Записки. 1793–1831 | страница 56



Иностранцу шевалье de Vernègues[117] затруднялись выдавать билет для прожитья в Санкт-Петербурге. Шевалье прибегнул ко мне. Я об этом доложил Балашову.

— Скорее, — сказал он мне с жаром, — прикажите ему выдать билет; это тайный дипломатический агент Людовика XVIII, постарайтесь с ним познакомиться поскорее, через него мы можем многое узнать.

Vernègues сделался вскоре у меня человеком домашним. Он рассказывал мне о связях своих с графами Толстыми и Армфельтом[118], и что последний желает со мной познакомиться: «Il est tout aussi enchanté, — сказал он мне, — de votre caractère chevaleresque, que moi; allons unjour chez lui»[119].

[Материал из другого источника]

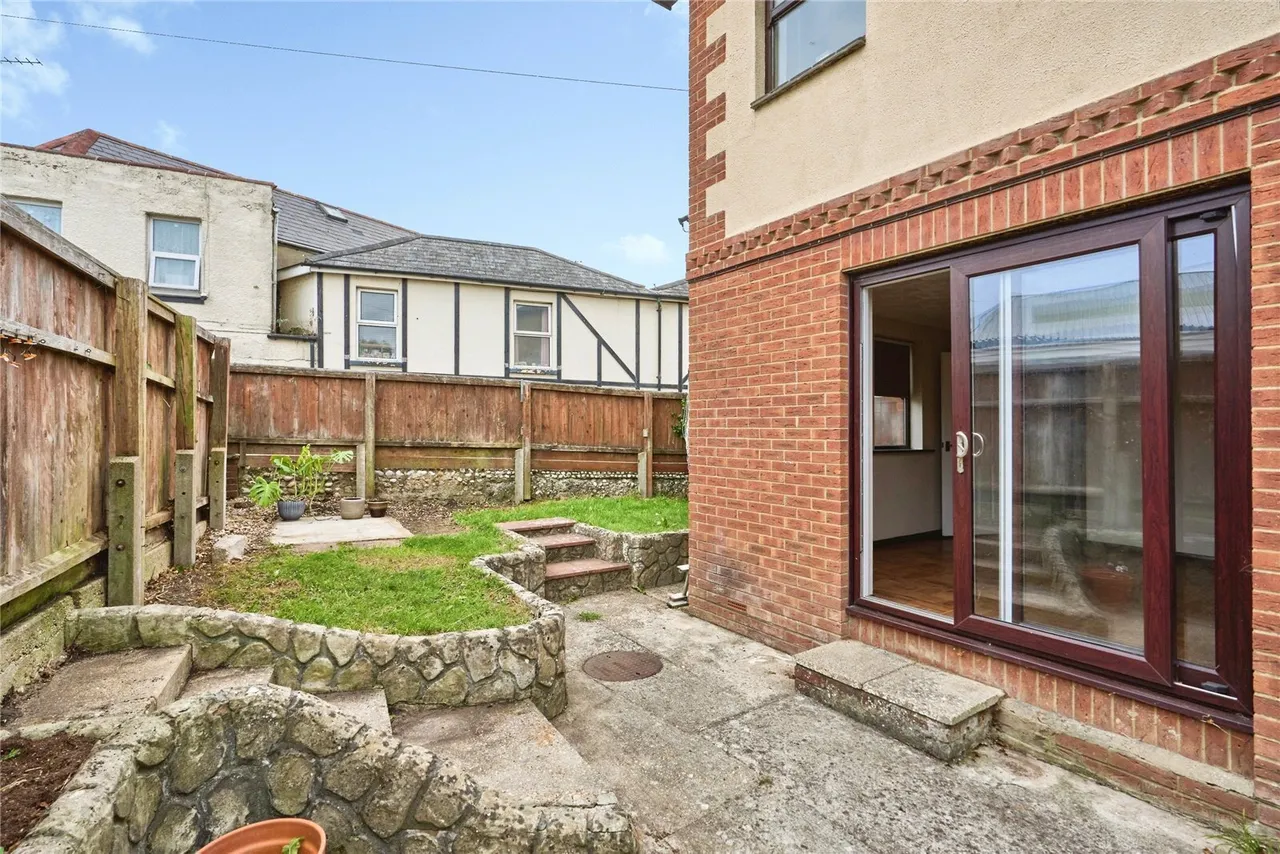 Avenue Road, Sandown, PO36, photo 7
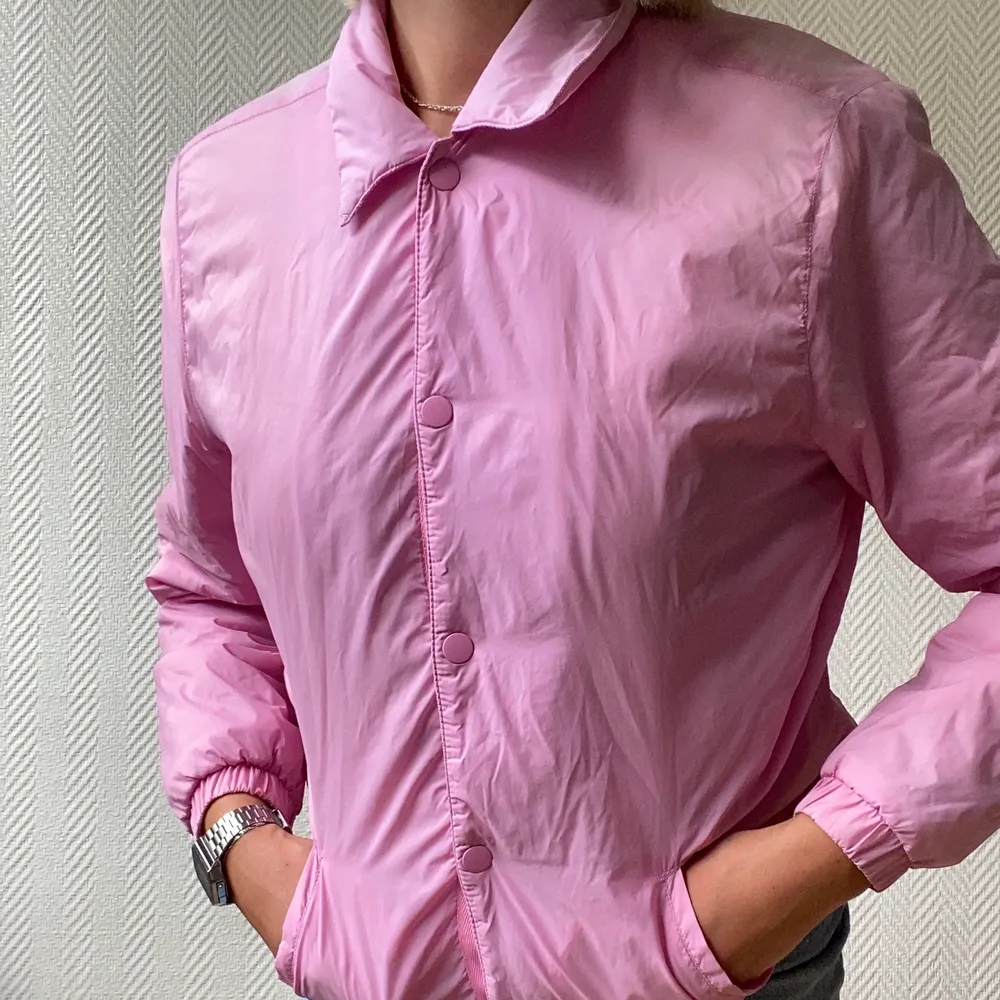 Väldigt härlig rosa jacka som tål regn och har teddytyg på insidan längs ryggen och magen vilket gör den relativt varm. Står storlek XS men skulle säga den passar S också! 💓 frakt tillkommer!. Jackor.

Я сообщил это Балашову, который поощрял меня вступить с ними в связь. На ответ мой, что я боюсь знакомиться с людьми хитрыми, крещеными во всех дворцовых интригах, Балашов просил меня убедительно продолжать это знакомство. Теперь посещали меня и граф Армфельт, и Vernègues. Долго оба интригана скромничали; наконец граф Армфельт начал пересказывать мне свои разговоры с императором и просил меня быть осторожным с Балашовым, ему ничего не доверять, ибо он в сильном подозрении у императора. Я довел и это до сведения Балашова.

— Врет он, — сказал министр полиции, — он сам в подозрении у императора, и мне поручено иметь за ним строгий надзор.

Я испугался. Кто из них прав? Не оба ли? Тогда я попадусь между двух огней, — и решился отныне слушать и молчать. Бывают в жизни случаи, где никакая человеческая осторожность и предусмотрительность ничего сделать не могут; какая-то скрытная, неизвестная нам сила влечет нас, и горе тому, который ей будет сопротивляться.

VІІ

В декабре 1811 года, пополудни в шесть часов, входит дежурный офицер с докладом, что Зиновьев желает меня видеть. Я думал, что это друг Балашова, толстый, высокий ростом, камергер Зиновьев, который снабжал министерский стол фруктами, и велел ему отказать. Дежурный воротился с объявлением, что Зиновьев утверждает, будто имеет крайнюю нужду до меня. Входит низенький, тоненький человек, который требует говорить со мной наедине. На вопрос мой, с кем имею честь говорить, он отвечал:

— Я камердинер его величества.

Я ввел его в свой кабинет, где он вручил мне записку, слово в слово следующего содержания: «Не имев возможности вас видеть сегодня, может быть и завтра, я желаю, чтобы вы написали мне: в чем состояло поведение министра, касательно известной бумаги, которую выполнить вам было невозможно? Вы ничего не опасайтесь, но сохраните в то же время надлежащую умеренность к министру».